Even before formally taking office, Prime Minister-elect Trudeau is racing to build a closer relationship with President Barack Obama. He spoke with Obama by telephone on Tuesday and stressed the need for the two countries to work more closely on environmental cooperation and to broaden a bilateral conversation that, under Stephen Harper, was dominated by the controversial pipeline. One of Trudeau’s first tasks may be to send an envoy to Washington to begin aligning positions on climate change, analysts said.

A more immediately amicable relationship could serve multiple objectives for Trudeau: delivering quickly on a key pledge to shore up the country’s international reputation by establishing a common front with the U.S. ahead of climate change negotiations in Paris, and managing the rejection by Obama of the Keystone XL project, which may be announced soon.

“One of the things that has been a challenge within the relationship between Canada and the U.S. is it has in many cases been focused on a single point of disagreement, a single pipeline,” Trudeau said after the Obama call.
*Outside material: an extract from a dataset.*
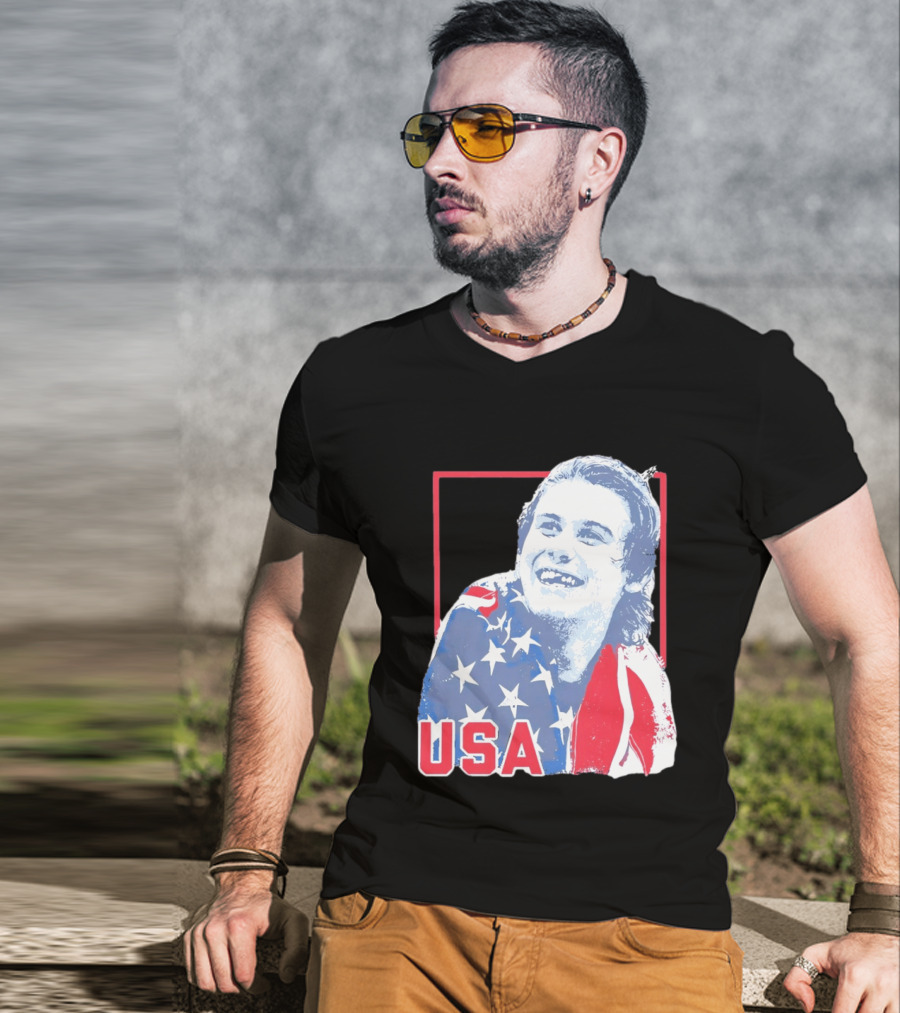 Jack Hughes USA Flag 2026 Hockey T-Shirt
Trudeau has made much over the past year of the need to build a closer and more productive cross-border relationship as part of his overall critique of Harper, whom he handily defeated in Monday night’s Canadian election. He promised to end the “hectoring” tone in the relationship and to set up a special cabinet committee “to oversee and manage” issues between the two countries.

The 43-year-old Trudeau will likely have his first official meeting with Obama at the G20 leaders’ summit in Turkey Nov. 15. There, the migrant crisis and Canada’s pledge to end its participation in the aerial portion of the campaign against ISIS in Syria and Iraq will be front and center. Trudeau has pledged to take in additional refugees and to increase Canada’s efforts in training local ground forces.

A day later, the new prime minister is expected to attend an Asia Pacific meeting in Manila where trade partners will want him to bring greater clarity to his government’s stand on the Trans Pacific trade partnership.

But it’s the Paris Climate Change Conference in December Trudeau has spoken most about, promising to attend with Canada’s provincial premiers. “I indicated to Mr. Obama that I felt that it was important that Canada demonstrates a level of positive engagement on the environmental file on the international stage,” Trudeau said in his first post-election press conference.

Over the past year, Trudeau’s party repeatedly blamed Harper’s aggressive and single-minded pursuit of a single cross-border energy project for a fractious relationship with the White House.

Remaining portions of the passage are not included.